BrandMed founder and CEO Dr Riaz Motara believes that drugs are no longer enough to manage a disease. KardioGroup’s networked devices and applications are designed to help with chronic lifestyle and noncommunicable diseases (NCDs) such as hypertension, diabetes, high cholesterol, asthma and chronic obstructive pulmonary disease.

“The disease burden will become unmanageable unless innovative solutions are implemented,” he says, “which is why we integrate medical expertise with next-generation technology, specifically in the world’s first end-to-end cardiovascular risk reduction and treatment approach.”

The data collected by KardioGroup’s products, and the way it is transmitted and analysed, transforms the healthcare landscape, argues Motara, giving doctors a more complete set of insights into patient health. While not the first company to develop homecare hardware, the difference is that data is kept in one place. Typically, digital therapeutics has a siloed approach to data analytics, looking at specific measures or outcomes.

“Another silo that has been of concern exists between doctors, patients, pharmacists, funders and specialists. Connected digital health breaks these down when all stakeholders understand the benefit across the board,” Motara says. “When you capture data in such an objective and validated process, in context and showing real-world value-based health communications, cost-efficiency and better patient health manifests.”

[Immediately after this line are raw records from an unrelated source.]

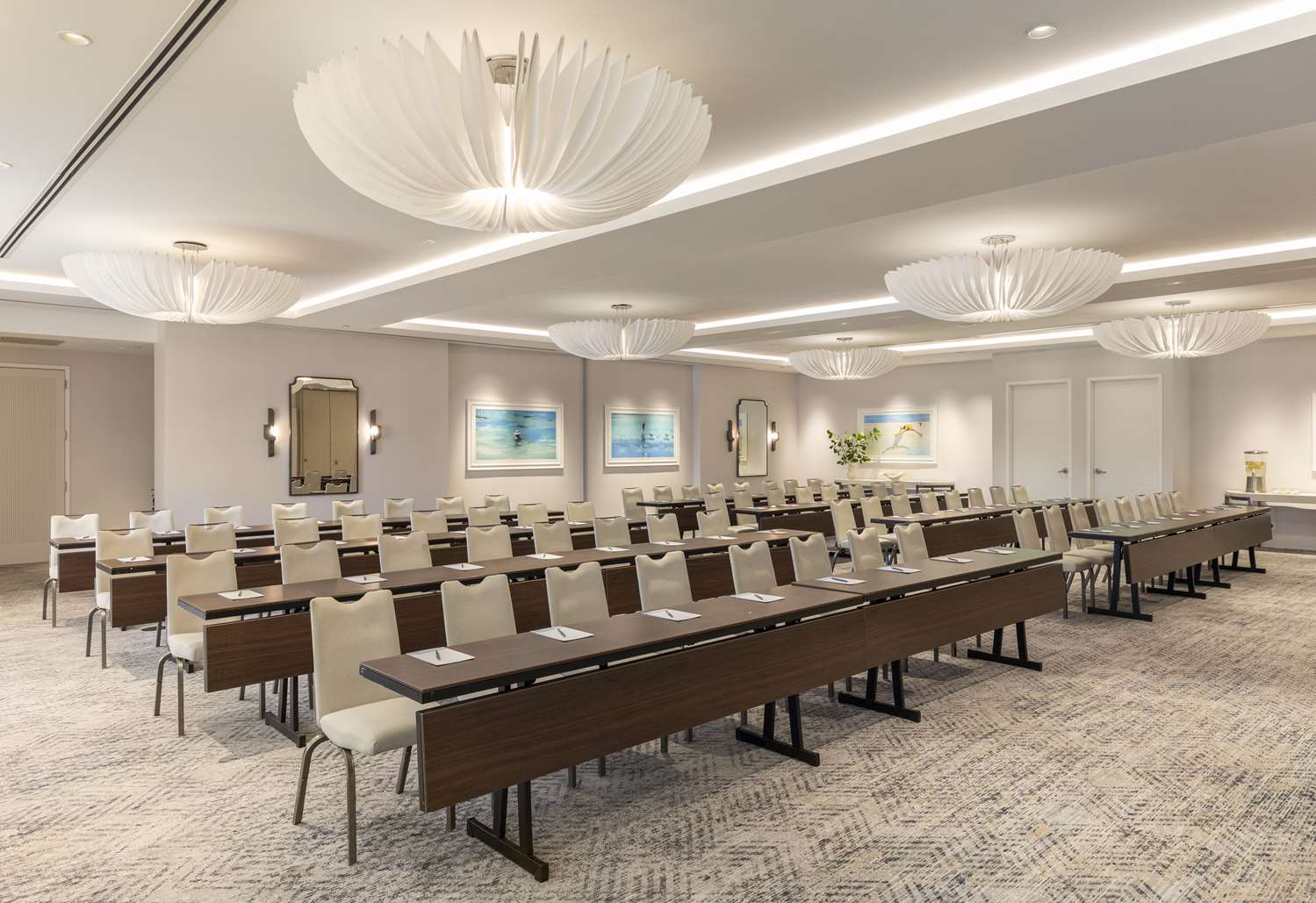 The Singer Oceanfront Resort, Curio Collection by Hilton 45/56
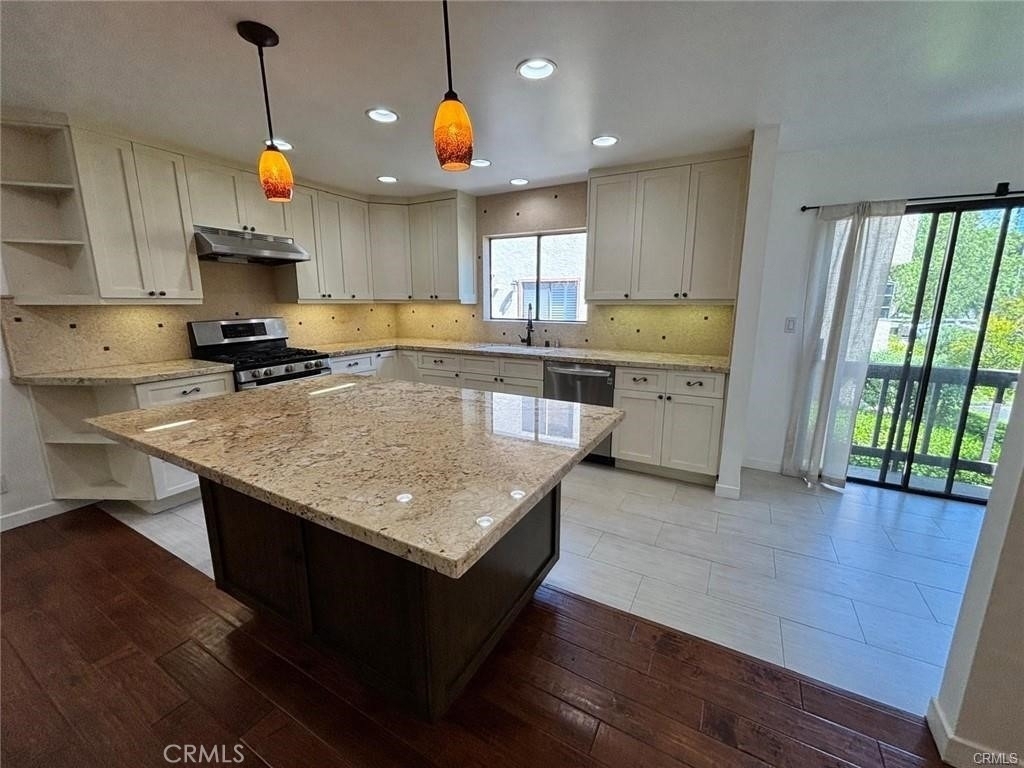 21730 Marylee Street - Photo 5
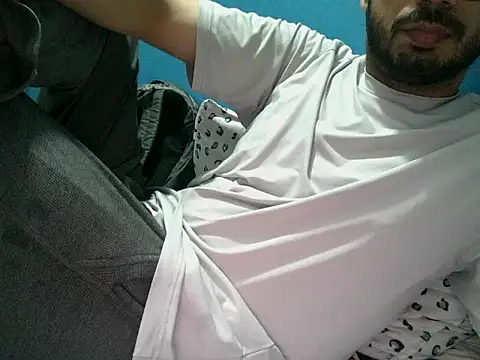 Precumboner: απευθείας συνομιλία ΧΧΧ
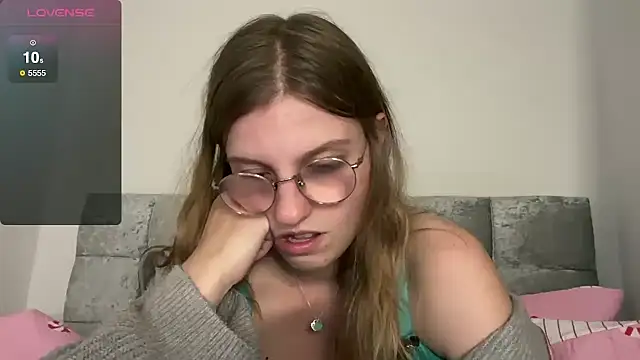 BustyKellyXXX's cam snapshot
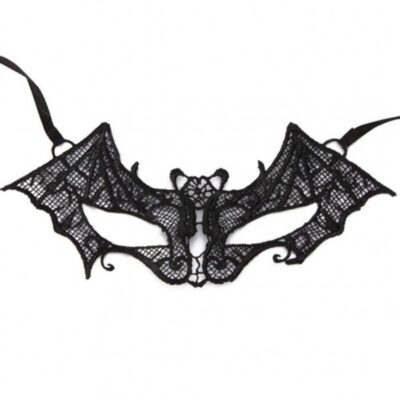 Дантелена маска изкусителен поглед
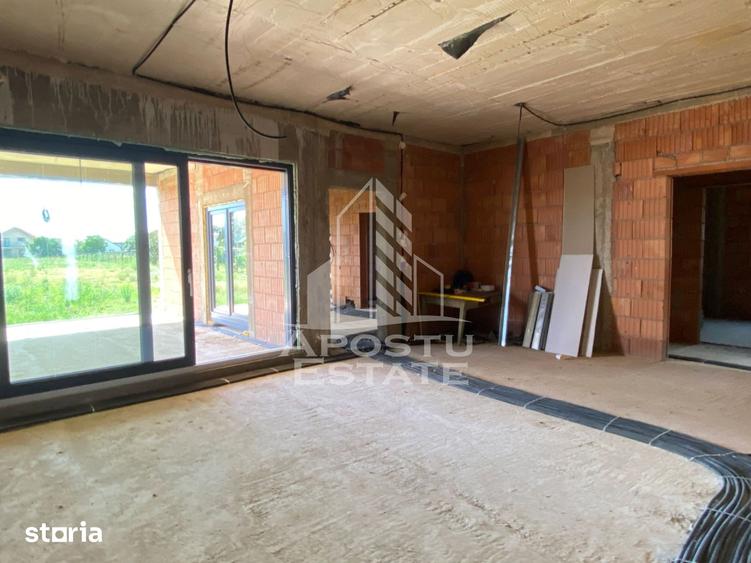 Casă cu 5 camere cu Teren 1330 Mp în Urseni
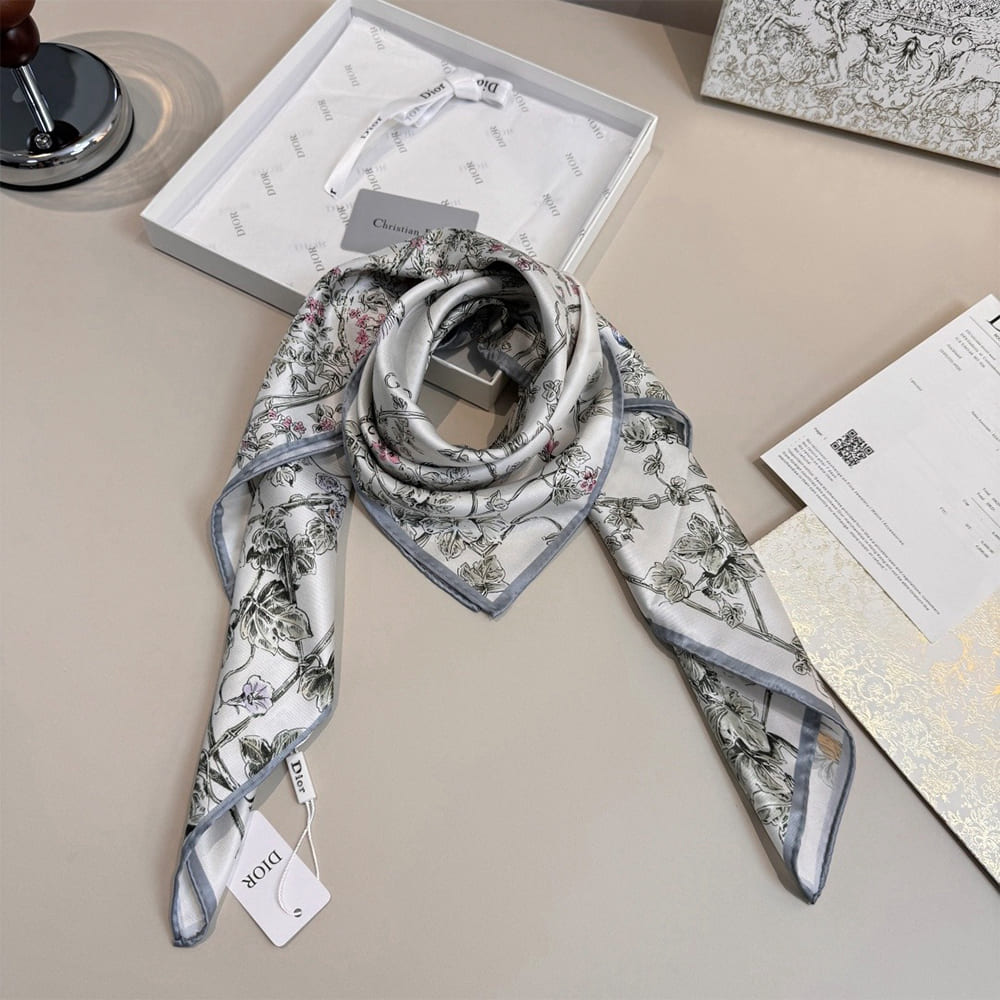 D10r Jardin D-Étoile 90 square scarf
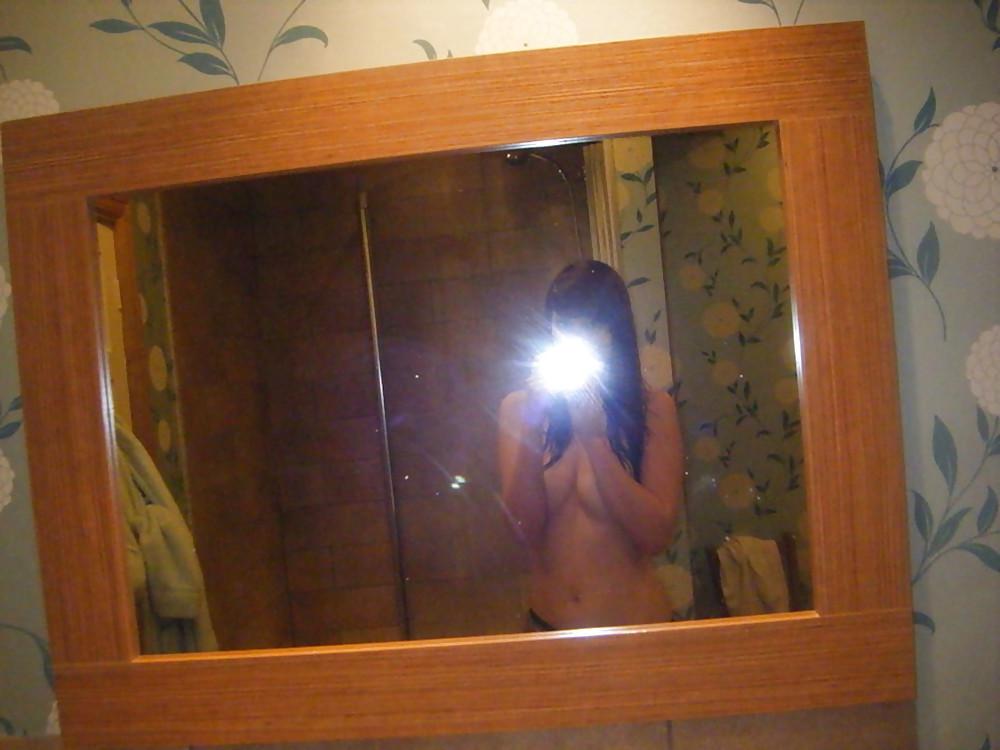 22P Pretty Amateur Brunette 32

Driving down costs, along with improved patient engagement is going to be a large part of the digital transformation of the health industry in the forthcoming year, Motara advises.

One thing that will be critical to the success of connected health, however, will be the security of patient data. In a paper published in the British Medical Journal earlier this year, researchers found that 19 of the top 24 smartphone apps for health routinely shared data outside the app. This might have been with developers, advertisers, operating system owners (Google or Apple, for example) or a clinical database.